The deadlift can be scary. It comes last in a meet and is the most stressful event on the various components that make the body a lifting machine. And well, it even has a scary name. On top of all of that, there are now a hundred and one ways to raise your one rep max on the deadlift. Rack pulls, stiff legs, speed pulls; sumo, conventional, modified; and high hips, low hips, leg drive, hip drive. It can get very, very confusing.

However, while experimenting for my last meet, I came up with the following plan—deadlift heavy once every three weeks. When not deadlifting, do heavy good mornings that simulate the way that you deadlift. And pay attention to overall volume so the squat doesn’t suffer.

Below is the plan I used that took my deadlift from 600 lbs to 685 lbs officially with a 700 lbs gym lift shortly after. I would do this workout on Monday and then squat on Friday.

Week 1: Close stance chain suspended good mornings setting the bar at the belly button or below. Work up to a one rep max followed by a set of 10. Follow this up with rows, a posterior chain exercise beneficial to the cause, and standing abs pull-downs.

Week 2: Stiff leg deadlifts working up to a five rep max followed by a set of 10. Again, follow up with some assistance work.

Week 3: Speed pulls starting at 70 percent of a previous one rep max going no higher than 80 percent, 8–12 singles. Follow up with some assistance work but with less volume and less intensity. This is sort of a de-load week.

Repeat weeks 1–3 again but try to hit PRs in the main exercise. Also, up your assistance work in either volume or intensity when you can. What you raise it by will depend on what type of lifter you are and how you react to certain training methods. I prefer volume.

Week 7: Front squats working up to two heavy sets of five and one set of 15. Keep the assistance work the same but add another posterior chain exercise.

Week 8: Close stance good mornings with eccentric motion working up to a three rep max. Do the same assistance work as in week 7.

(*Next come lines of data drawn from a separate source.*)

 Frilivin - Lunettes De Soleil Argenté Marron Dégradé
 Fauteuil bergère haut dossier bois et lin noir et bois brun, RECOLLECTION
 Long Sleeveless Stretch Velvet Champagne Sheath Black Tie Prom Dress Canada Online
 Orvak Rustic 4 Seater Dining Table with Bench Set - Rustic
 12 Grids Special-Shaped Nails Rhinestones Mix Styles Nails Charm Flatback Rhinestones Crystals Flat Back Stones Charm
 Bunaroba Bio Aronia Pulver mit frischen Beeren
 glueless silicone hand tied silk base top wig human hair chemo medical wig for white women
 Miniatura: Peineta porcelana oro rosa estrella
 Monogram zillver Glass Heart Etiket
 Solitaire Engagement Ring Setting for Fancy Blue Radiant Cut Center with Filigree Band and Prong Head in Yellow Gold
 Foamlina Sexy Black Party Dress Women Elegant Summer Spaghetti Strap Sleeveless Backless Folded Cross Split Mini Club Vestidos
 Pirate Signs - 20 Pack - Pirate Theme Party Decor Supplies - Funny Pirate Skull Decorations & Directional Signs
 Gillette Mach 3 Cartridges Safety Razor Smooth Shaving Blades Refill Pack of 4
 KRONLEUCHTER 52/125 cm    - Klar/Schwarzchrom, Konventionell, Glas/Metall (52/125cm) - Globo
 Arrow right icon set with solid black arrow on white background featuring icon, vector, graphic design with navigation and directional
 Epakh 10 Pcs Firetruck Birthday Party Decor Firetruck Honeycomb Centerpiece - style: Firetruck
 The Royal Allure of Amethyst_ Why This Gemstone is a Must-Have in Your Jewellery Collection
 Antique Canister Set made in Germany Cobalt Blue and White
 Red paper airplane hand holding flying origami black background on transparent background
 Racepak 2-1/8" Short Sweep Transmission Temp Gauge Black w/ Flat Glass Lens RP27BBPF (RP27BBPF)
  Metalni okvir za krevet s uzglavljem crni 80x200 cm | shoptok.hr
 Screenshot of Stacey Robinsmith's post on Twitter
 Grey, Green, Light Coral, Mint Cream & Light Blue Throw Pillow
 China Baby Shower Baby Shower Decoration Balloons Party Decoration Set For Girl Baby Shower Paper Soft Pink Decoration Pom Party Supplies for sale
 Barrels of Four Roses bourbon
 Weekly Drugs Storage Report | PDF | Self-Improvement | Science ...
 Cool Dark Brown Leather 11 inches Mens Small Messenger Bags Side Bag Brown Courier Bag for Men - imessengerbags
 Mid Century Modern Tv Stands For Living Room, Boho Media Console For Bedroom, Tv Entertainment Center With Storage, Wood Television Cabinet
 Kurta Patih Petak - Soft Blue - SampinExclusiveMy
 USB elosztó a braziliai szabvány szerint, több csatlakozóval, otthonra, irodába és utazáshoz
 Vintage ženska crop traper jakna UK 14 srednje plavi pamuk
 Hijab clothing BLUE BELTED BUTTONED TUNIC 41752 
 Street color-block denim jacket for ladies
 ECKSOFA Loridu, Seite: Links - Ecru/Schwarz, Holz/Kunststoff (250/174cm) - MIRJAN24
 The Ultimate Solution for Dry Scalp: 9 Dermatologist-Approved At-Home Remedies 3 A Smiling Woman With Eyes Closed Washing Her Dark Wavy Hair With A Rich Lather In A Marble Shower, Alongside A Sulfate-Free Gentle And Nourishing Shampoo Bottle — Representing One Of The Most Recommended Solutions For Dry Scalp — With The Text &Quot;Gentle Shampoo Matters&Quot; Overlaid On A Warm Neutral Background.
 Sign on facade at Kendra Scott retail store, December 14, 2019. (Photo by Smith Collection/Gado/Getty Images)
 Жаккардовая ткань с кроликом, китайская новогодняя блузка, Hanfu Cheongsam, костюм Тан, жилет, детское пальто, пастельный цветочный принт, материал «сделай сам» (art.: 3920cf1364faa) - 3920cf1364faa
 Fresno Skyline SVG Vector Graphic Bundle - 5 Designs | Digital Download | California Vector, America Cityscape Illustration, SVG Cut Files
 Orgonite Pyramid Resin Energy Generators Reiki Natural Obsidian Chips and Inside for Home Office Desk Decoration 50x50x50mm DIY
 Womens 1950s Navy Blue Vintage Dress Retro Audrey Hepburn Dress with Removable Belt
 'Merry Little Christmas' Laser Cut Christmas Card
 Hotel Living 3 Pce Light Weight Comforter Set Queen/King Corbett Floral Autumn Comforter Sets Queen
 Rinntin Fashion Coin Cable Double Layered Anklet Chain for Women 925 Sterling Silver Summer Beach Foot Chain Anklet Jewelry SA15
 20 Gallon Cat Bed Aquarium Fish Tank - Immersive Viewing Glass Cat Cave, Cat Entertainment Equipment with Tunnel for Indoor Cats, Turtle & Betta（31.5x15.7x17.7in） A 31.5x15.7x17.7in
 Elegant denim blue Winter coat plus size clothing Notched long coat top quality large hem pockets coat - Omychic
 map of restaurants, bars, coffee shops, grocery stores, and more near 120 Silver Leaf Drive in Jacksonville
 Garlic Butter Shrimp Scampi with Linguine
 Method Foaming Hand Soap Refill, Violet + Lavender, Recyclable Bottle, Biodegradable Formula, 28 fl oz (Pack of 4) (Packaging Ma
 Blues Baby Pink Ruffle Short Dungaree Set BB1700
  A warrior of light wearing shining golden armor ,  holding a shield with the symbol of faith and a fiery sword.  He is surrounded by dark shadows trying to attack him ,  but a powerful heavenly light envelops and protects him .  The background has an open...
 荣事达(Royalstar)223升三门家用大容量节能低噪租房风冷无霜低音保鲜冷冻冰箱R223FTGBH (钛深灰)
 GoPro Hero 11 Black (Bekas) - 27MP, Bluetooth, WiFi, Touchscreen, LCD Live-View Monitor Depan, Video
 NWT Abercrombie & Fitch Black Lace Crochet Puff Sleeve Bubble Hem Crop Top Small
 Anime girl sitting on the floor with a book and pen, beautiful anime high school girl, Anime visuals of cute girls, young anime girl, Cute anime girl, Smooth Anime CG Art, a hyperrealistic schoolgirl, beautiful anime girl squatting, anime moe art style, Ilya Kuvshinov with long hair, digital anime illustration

Week 9: Take an opening deadlift for 3–5 singles depending on how heavy you wish to go. Don’t do any assistance work. Go home and rest.

Week 10: Do high volume assistance work for the lats, posterior chain, and abs.

Week 11: Rest this week or take off.

Week 12: Pull a new PR at the meet.

This program relies heavily off of good mornings and stiff leg deadlifts. Deadlifting once every three weeks while managing the squat load correctly will allow ample time for recovery. All of the lower back work made my erectors and obliques very tight so I highly suggest doing some sort of warm-up and a good stretching session after each deadlift day.